Sherwin Chen
by Sherwin Chen
10 min read

Categories

Tags

Introduction

Exploration plays an important role in reinforcement learning: it helps agents to explore the environment, and therefore learn potential better policy. In this post, we discuss a set of active exploration methods, involving exploration bonus, Thompson sampling, and information gain exploration. For every strategy, we will first present some intuition and their uses in multi-bandit environment, in which we have \(N\) action choices \({a_1,\dots,a_N}\), and each action \(a_i\) yields a reward \(r(a_i)\) sampled from an unknown distribution \(p_i(r(a_i))\). Then we bring them to the Markov decision process, introducing some algorithms built upon these theories.

Exploration Bonus

Exploration Bonus in Multi-Bandit

In exploration bonus(aka. optimistic exploration), we keep track of average reward \(\hat \mu_a\) for each action \(a\), and we take into account our confidence of uncertainty when we choose an action:

\[\begin{align} a=\arg\max_a\hat \mu_a+C\sigma_a\tag {1} \end{align}\]

where \(C\) is a hyperparameter and \(\sigma_a\) is a variance estimate of uncertainty that becomes smaller as the action \(a\) is taken more often. The intuition behind this is: if some action is taken rarely, we tend to optimistically think it might have a high reward. As the action is taken, we increase our confidence in the action and tend to regard the average reward as the expected reward of taking the action. An example is Upper Confidence Bound(UCB), which defines \(\sigma_a\) as

\[\begin{align} \sigma_a=\sqrt{2\log t\over N(a)} \end{align}\]

where \(t\) counts the total actions taken and \(N(a)\) is the times action \(a\) is taken. In practice, a simpler \(\sigma_a\) could also work

\[\begin{align} \sigma_a=\sqrt{1\over N(a)}\tag {2} \end{align}\]

Exploration Bonus in Markov Decision Process

Exploration bonus in multi-bandit optimistically gives a high exploration bonus \(C\sigma_a\) to actions rarely tried.

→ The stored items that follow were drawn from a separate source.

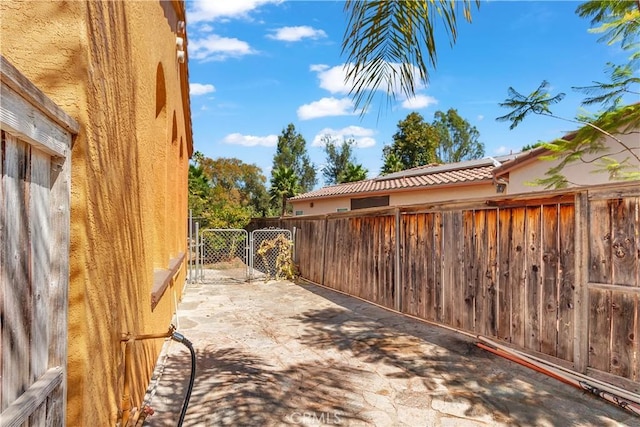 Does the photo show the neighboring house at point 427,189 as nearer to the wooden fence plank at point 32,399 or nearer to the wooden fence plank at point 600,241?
the wooden fence plank at point 600,241

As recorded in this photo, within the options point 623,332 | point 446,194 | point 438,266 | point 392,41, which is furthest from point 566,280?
point 446,194

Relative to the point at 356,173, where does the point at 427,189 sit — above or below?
below

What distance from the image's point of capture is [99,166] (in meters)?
1.96

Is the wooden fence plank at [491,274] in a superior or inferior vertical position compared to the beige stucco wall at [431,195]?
inferior

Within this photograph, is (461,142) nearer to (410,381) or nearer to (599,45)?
(599,45)

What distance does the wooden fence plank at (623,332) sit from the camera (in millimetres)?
3504

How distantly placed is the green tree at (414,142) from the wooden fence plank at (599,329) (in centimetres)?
2975

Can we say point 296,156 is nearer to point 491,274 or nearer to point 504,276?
point 491,274

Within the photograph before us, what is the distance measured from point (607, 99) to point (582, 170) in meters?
2.40

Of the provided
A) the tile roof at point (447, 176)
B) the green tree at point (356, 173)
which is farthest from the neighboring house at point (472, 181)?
the green tree at point (356, 173)

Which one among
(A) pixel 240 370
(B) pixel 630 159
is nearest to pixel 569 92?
(B) pixel 630 159

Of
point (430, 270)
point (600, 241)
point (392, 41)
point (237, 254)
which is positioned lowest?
point (237, 254)

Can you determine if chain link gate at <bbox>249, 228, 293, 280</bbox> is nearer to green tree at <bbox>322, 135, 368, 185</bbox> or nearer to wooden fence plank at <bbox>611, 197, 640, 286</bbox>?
wooden fence plank at <bbox>611, 197, 640, 286</bbox>

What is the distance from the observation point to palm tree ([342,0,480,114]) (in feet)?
8.24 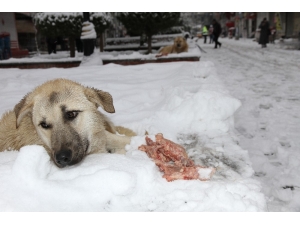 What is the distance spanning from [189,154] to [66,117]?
4.34 feet

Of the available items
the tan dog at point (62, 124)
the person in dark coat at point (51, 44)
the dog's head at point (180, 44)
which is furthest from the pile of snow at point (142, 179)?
the person in dark coat at point (51, 44)

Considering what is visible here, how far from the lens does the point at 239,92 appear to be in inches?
292

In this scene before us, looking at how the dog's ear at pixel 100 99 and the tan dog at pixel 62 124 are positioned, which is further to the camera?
the dog's ear at pixel 100 99

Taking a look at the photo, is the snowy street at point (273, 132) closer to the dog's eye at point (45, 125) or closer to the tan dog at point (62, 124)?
the tan dog at point (62, 124)

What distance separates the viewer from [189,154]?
312cm

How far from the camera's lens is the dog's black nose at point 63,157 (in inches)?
93.4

Applying this idea to an MDP, we could optimistically gives a high reward to new states(or new state-action pairs). In high-dimensional problems or continuous problems, this requires a way of estimating the novelty measure that tells us how novel a state is since states are rarely revisited in those problems.

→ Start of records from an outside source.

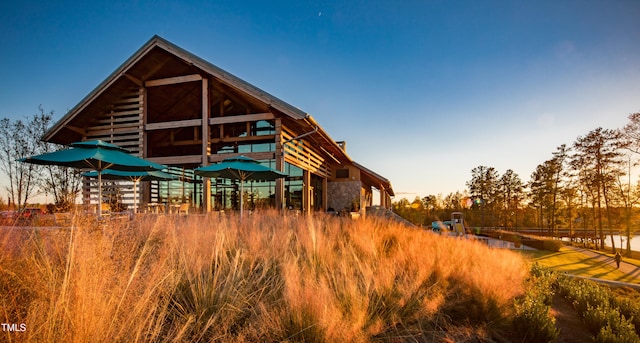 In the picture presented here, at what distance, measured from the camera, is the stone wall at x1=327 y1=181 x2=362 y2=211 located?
20188 millimetres

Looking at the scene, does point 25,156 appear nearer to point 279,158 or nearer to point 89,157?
point 89,157

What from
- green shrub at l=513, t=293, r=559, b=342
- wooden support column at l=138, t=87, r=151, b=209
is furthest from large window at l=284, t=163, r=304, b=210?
green shrub at l=513, t=293, r=559, b=342

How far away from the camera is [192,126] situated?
14.2 m

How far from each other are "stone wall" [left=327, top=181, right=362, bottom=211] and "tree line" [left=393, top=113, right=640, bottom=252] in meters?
4.06

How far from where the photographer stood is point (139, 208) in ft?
39.1

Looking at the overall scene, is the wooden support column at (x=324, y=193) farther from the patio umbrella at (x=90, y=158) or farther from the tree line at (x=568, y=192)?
the patio umbrella at (x=90, y=158)

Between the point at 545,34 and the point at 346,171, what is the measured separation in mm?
13641

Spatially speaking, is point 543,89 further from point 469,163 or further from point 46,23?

In count-based methods, novelty is measured by a pseudo count \(\hat N(s)\), analogous to \(N(a)\) in Eq.\((2)\)(although \(\hat N(s,a)\) is more sensible for action selection, for the sake of simplicity, we still consider \(\hat N(s)\) in the following discussion). There are many choices explored in literature, here we only introduce several of them mentioned by Sergey Levine in his class:

Unifying Count-Based Exploration and Intrinsic Motivation

Assume we have the state distribution model \(p_\theta(s)\). For each state \(s\) the agent observes, we have two state distribution models: one trained before observing \(s\), \(p_\theta(s)\), and the other refitted after observing \(s \), \(p_{\theta’}(s)\). Then we solve the following two equations to obtain \(\hat N(s)\).

\[\begin{align} p_\theta(s)&={\hat N(s)\over \hat n}\\\ p_{\theta'}(s)&={\hat N(s)+1\over \hat n+1} \end{align}\]

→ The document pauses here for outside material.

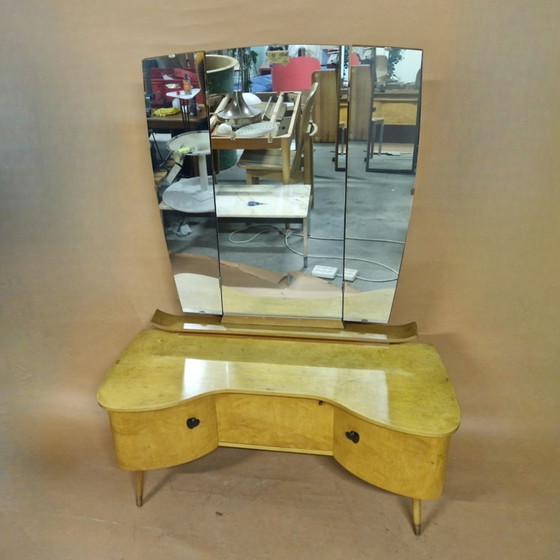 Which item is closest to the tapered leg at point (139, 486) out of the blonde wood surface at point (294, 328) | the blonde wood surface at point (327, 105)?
the blonde wood surface at point (294, 328)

Now we come back to \(p_\theta(s)\), Bellemare et al. proposes a “CTS” model, which approximate \(p_\theta(s)\) using

\[\begin{align} p_\theta(s)=\prod_{i,j}p_{\theta_{i,j}}(x^{i,j}|x^{i-1,j},x^{i,j-1},x^{i-1,j-1},x^{i-1,j+1}) \end{align}\]

where \(x^{i,j}\) is a pixel located at position \((i,j)\), the and \(p_{\theta_{i,j}}\) may be a network that takes as input the top-left neighbourhood of \(x^{i,j}\) and outputs the probability of \(x^{i,j}\) (which is only my conjecture. I have not gone into detail of the paper.)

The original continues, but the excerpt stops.